After all the cuts have been applied, the remaining set of events are used as a collection for detailed study, usually involving quite complex mathematical treatment. In most cases, the size of the collection numbers between thousands and hundreds of thousands of events. In other cases (especially for rare or anomalous events) the collections are much smaller, and each event in the collection may even be examined using an “event viewer” by a trained physicist. In either case, the results and conclusions from these detailed studies are usually presented in papers submitted to scientific journals.
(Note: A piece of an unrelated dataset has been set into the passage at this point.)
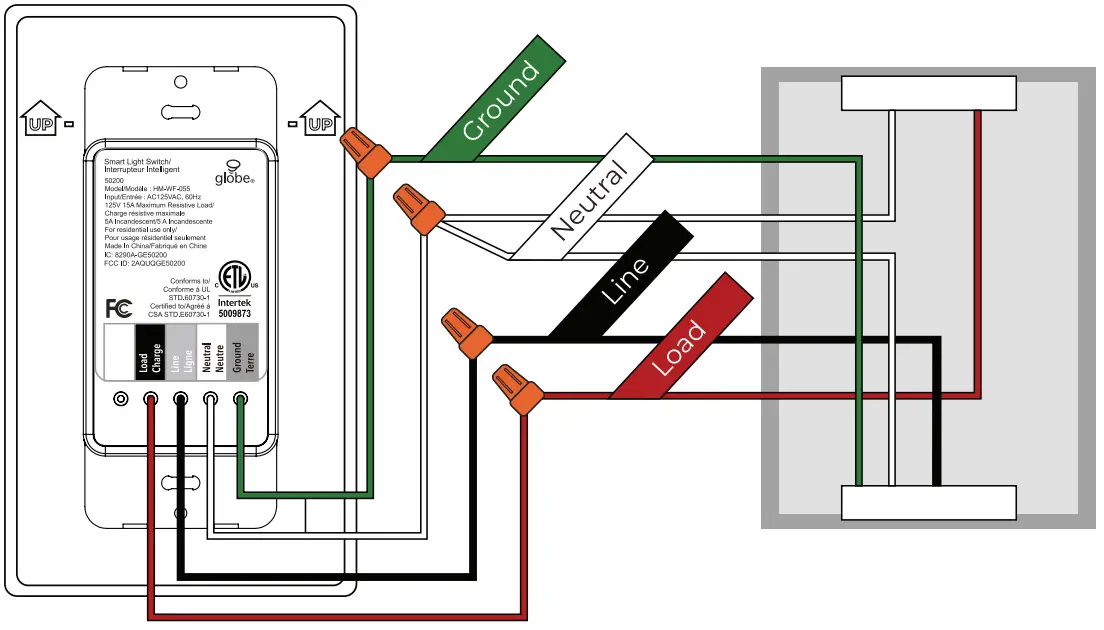 WIRING DIAGRAM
Text Box: Cut Cumulative Efficiency
5.20 < Mll < 5.35 GeV/c2 0.82
Ntrack > 4 0.71
c2vertex < 4 0.67
|cosqthrust| < 0.7 0.46
R2 < 0.5 0.43
5.275 < M < 5.287 GeV/c2 0.41
-0.038 < DE < 0.050 GeV/c2 0.41
Total Signal Efficiency 0.41
Total Background Efficiency 10-6
Table 1: A set of "cuts" used for selection of B events at the BaBar experiment To explore the use of RAVE for particle physics data, we will initially use simulated data: Monte Carlo event data that has been generated using a known and understood physics model. The simulated data have been pre-processed to account for the detector acceptance and response, and massaged into a form that emulates in all detail the data obtained from the real detector. By using simulated data, we have a priori knowledge of the underlying physics behind the data, and thus a good handle on what we should be able to observe in RAVE. Once there is confidence with how this data sample is treated by the system, real data will be used.

4 About the System

There are currently available several data visualization packages such as Xmdv [Xmdv], Xgobi [Xgob], or IBM's Parallel Visual Explorer [Isen2]. These packages offer the scientists analysis and visualization capabilities, but are limited in their functionality, are inflexible, and do not interact well with the outside world.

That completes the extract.